I took back my passport, which, as it turned out, was not my passport at all. I realized that in my haste I must have grabbed the wrong one. But where had I left mine if not in the nightstand drawer alongside my wallet? I had a sickening thought. My wallet. Of course. Brent Custer. How had I not noticed? And how could he be wandering a foreign land without the articles of legitimacy? Or had he somehow infiltrated the hotel without my knowledge and absconded with mine, leaving me to founder in the consequences of his indiscretions and irresponsibility? With his bag and my fraudulent credentials I walked into a town that should have been instantly familiar, if not in detail then at least in the general way all places are to a native son. I could find nothing that gave me any sense of having returned to my homeland. The streets seemed to constitute a maze whose walls and corridors would shift and rotate with every turn I took. I finally came upon a small park, surrounded by a low wrought iron fence and containing plenty of shade, some benches, a small fountain, and the statue of a military man on horseback. I did not recognize his name; that of his horse went unrecorded.
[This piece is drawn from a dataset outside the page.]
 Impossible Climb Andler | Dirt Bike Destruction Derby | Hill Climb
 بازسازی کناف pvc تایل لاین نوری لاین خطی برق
Somehow, the one item I had managed to retain throughout my series of misadventures was Brent Custer's letter, now folded, refolded, crushed, and wadded to the point of disintegration. I took it from my pocket. As it slowly disappeared through my fingers and into the wind, the last words I could read, each underlined twice and every third word thrice, were "Order imposed is not order discovered."

I made my way home, by bus, by foot, by train, in cars driven by people whose kindness seemed to conceal some less altruistic motive. Darkness was my cape, stars winking in witness to my desperation. Night birds and crickets sang the ballads of my woeful fate. Gray dawns and grayer dusks bracketed days whose sunlight I could not countenance. With sporadic bouts of fitful sleep I attempted, with only partial success, to shield myself from the land outside, the unending undulations, the prairie brown, from drought or ripeness, I know longer knew which.

The day finally dawned when I was back in Suburbia, where hollow self-regard is reflected in the lawns, green and perfect, mildly threatening in their bland uniformity. I would never have recognized my own house if the car I had sold, how many weeks or months ago?, were not parked in the driveway. I looked in the mailbox. Bills, letters, junk mail, all addressed to Brent Custer, none of it forwarded from a previous address. My front door stands before and against me, a once warm invitation now irrevocably rescinded. Who will answer my knock, as I stand outside, a stranger in my own skin?